[[ Data provided, beginning ]]
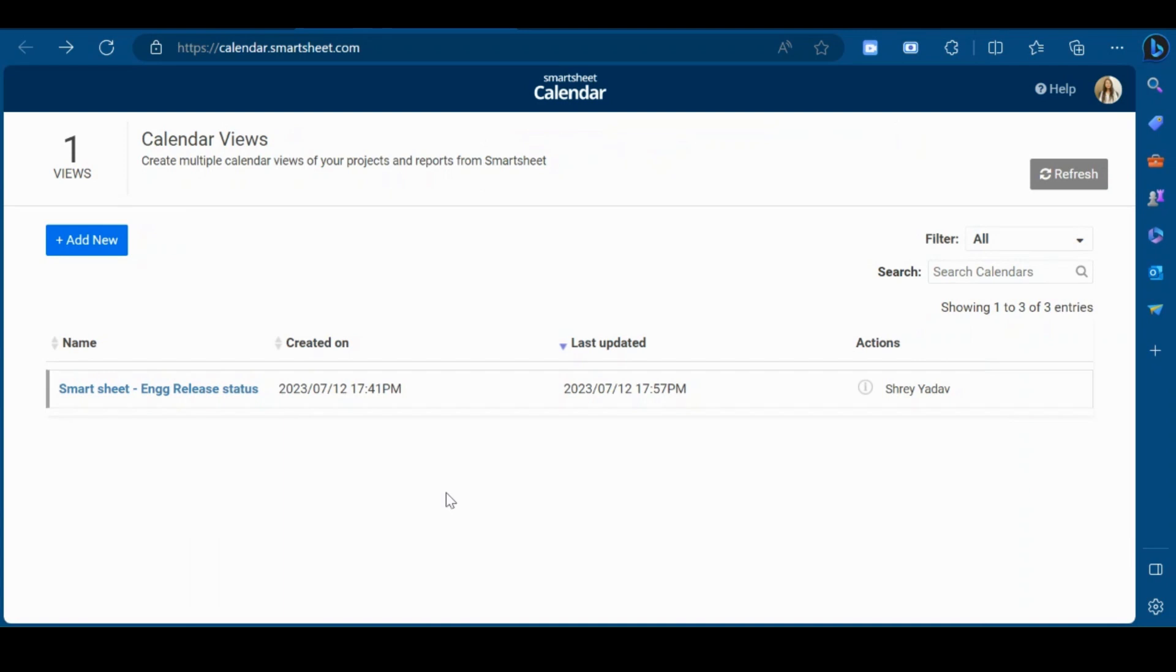Hi and welcome. In this video, I will give you a brief introduction of Calendar App.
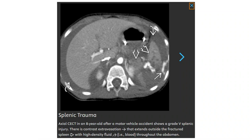This is a contrast CT in an 8-year-old following a motor vehicle accident, showing a grade splenic injury. This is contrast extravasation seen outside the fracture, with high-density fluid throughout the perisplenic region.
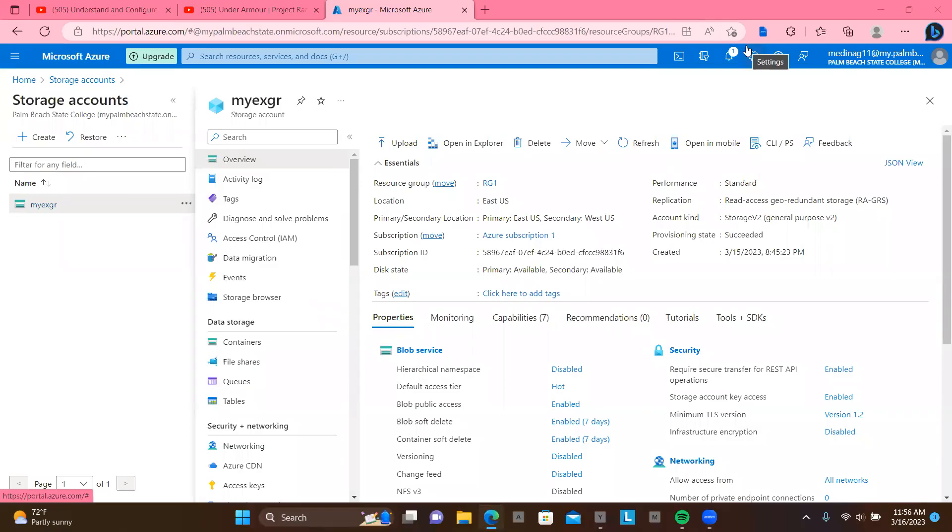Good afternoon, guys. Welcome back to my channel. So in this lab, we're going to create a virtual machine in a virtual hard drive. If you want to deploy a virtual machine in an existing virtual hard drive, there are a few things you have to do.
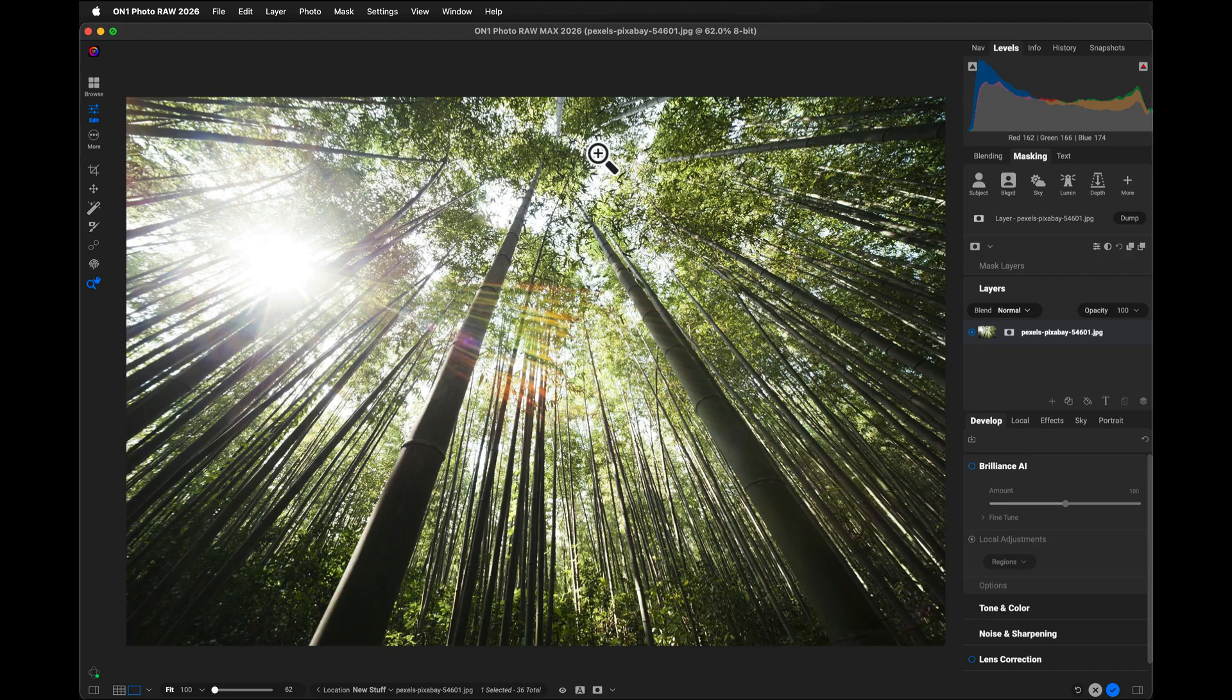Hey everybody, Dan here. I'm here inside of On One Photo Raw 2026, and it looks a lot like Photo Raw 2025.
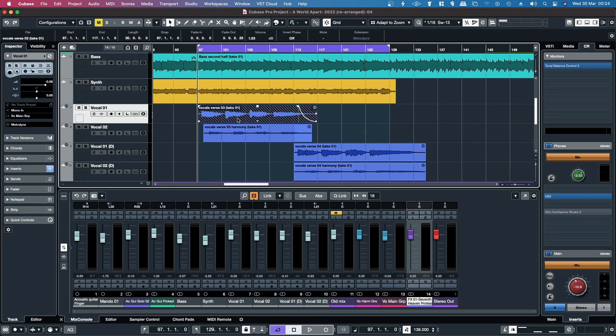Hey, in this video I'm going to show you how to use Cubase 12 and Melodyne 5 to reduce sibilance and breath noises in your vocal performances.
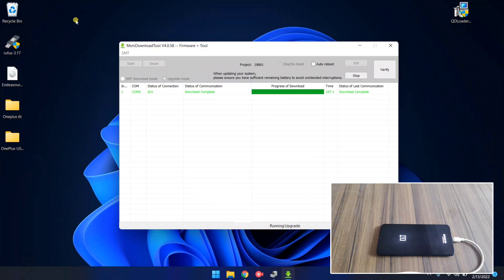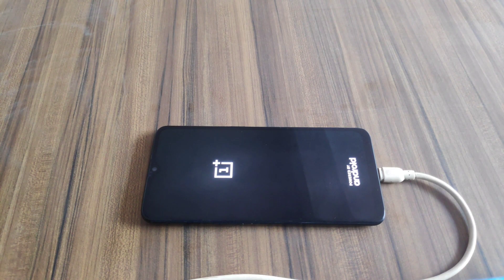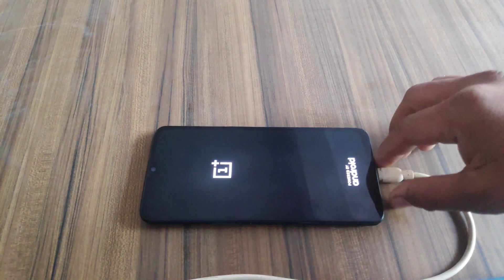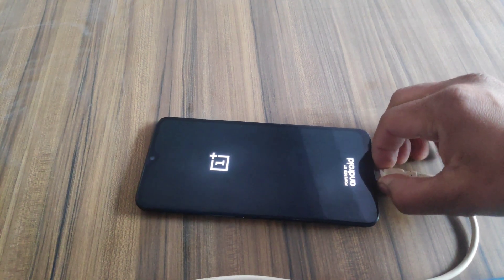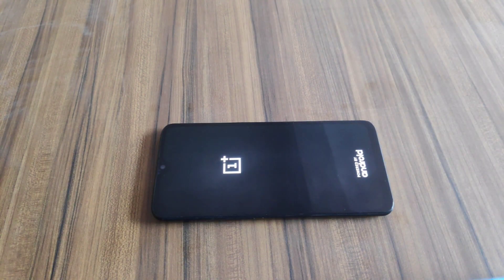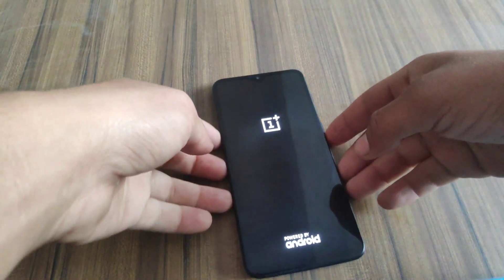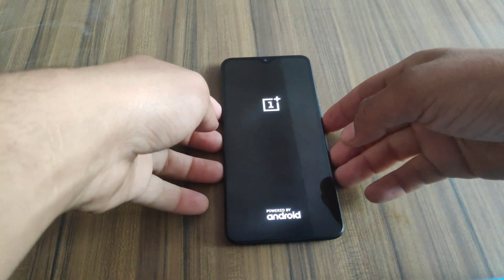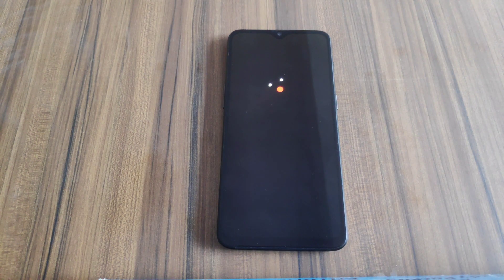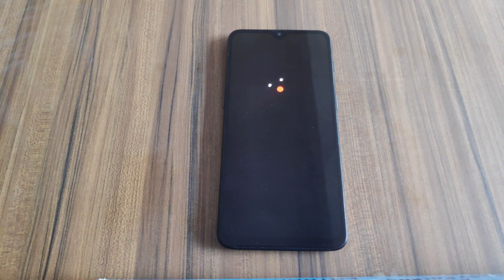Flashing is completed. As you can see, my device is rebooted automatically. Now you can disconnect your device with the PC. This process might take quite a while but don't worry, it's normal. I'm gonna fast forward the video to make the video short.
[[ Data provided, end ]]
§ Prompt
Down to the last line, reproduce the material above exactly; skip its images.

§ Answer to the problem
Hi and welcome. In this video, I will give you a brief introduction of Calendar App.
This is a contrast CT in an 8-year-old following a motor vehicle accident, showing a grade splenic injury. This is contrast extravasation seen outside the fracture, with high-density fluid throughout the perisplenic region.
Good afternoon, guys. Welcome back to my channel. So in this lab, we're going to create a virtual machine in a virtual hard drive. If you want to deploy a virtual machine in an existing virtual hard drive, there are a few things you have to do.
Hey everybody, Dan here. I'm here inside of On One Photo Raw 2026, and it looks a lot like Photo Raw 2025.
Hey, in this video I'm going to show you how to use Cubase 12 and Melodyne 5 to reduce sibilance and breath noises in your vocal performances.
Flashing is completed. As you can see, my device is rebooted automatically. Now you can disconnect your device with the PC. This process might take quite a while but don't worry, it's normal. I'm gonna fast forward the video to make the video short.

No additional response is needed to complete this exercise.